Friday, November 2, 2012

Joni, Kim and the Railroad Tunnel Trail

Yesterday Jim and I had lunch with former Salt Lakers Joni and Kim.  Joni was a paralegal at the USPS Law Department when I started that same job in 2002. In 2004, Joni transferred to the USPS Las Vegas HR Department and she and Kim moved to Vegas. The Law Dept missed her and so did I. So when I got to Vegas, I had to get in touch with her; she suggested we all meet for lunch at Lucille’s Smokehouse Barbecue in nearby HendersonIt was a great lunch.  And, it was good to see both Joni and Kim and to catch up.

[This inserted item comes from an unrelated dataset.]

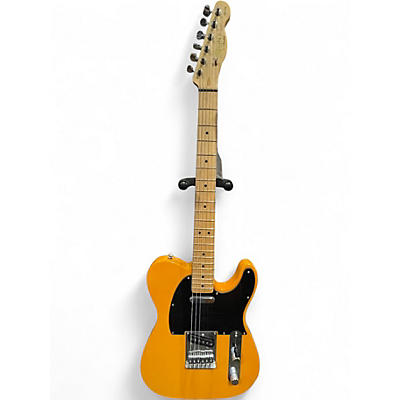 Used 2018 Squier Affinity Telecaster Butterscotch Solid Body Electric Guitar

Joni and Kim like to hike.  So when they told us about the Railroad Tunnel Trail near Hoover Dam, Jim and I knew what we were going to do today.  The trail is the site of former tracks for trains that hauled rock, huge pipes, and other materials needed to build Hoover Dam in the 1930s. In the1960s the tracks were removed; today that same site is a flat and scenic trail along the hills south of Lake Mead.
Bev and Joni with our hair caught in the wind.
Jim, Bev, Kim and Joni.
Jim on a side trail taking us from a parking lot at the Hacienda Casino in Boulder, Nevada, to the to the Railroad Tunnel Trail.
Bev in front of two tunnels tunnels blasted out by those who helped build the Hoover Dam.  The tunnels are 18 feet high and 27 feet wide.  As an aside, my legs are sure white.
Jim and Cooper on the Railroad Tunnel Trail with Lake Mead in the background. In the 1930s, instead of a lake you would have seen "Ragtown," a makeshift village of cardboard homes, wooden cabins and tents that housed hundreds of people who came with their families to build Hoover Dam.
Jim exiting one of the tunnels. He overheard someone from an overlook call Cooper a big-horned sheep.  Must have been a city boy or someone with bad eyes.
Jim and Cooper in front of another tunnel. Although it was 
warm today (high 70s) about two-thirds of the hike was  
shaded by a a tunnel or a mountain. 
Before hiking the Railroad Tunnel Trail, we took a look 
at Hoover Dam.  It's the curved concrete structure 
toward the left of the photo.  You can drive or walk 
across the top.
The Hoover Dam folks requires people with pets 
to park in a specific (and shaded) parking lot.  
Here's Jim with a hard-to-see Cooper.
The view of Lake Mead as seen from the top of the 
dam.   The white rock just above the water is the 
"bath tub"ring that shows how high the water has 
been in the past.  Per the Hoover Dam brochure, 
this water project provides irrigation for a 
million acres in the US and a half million acres 
in Mexico.
These electrical towers are just below the dam and 
are bolted onto the side of a cliff.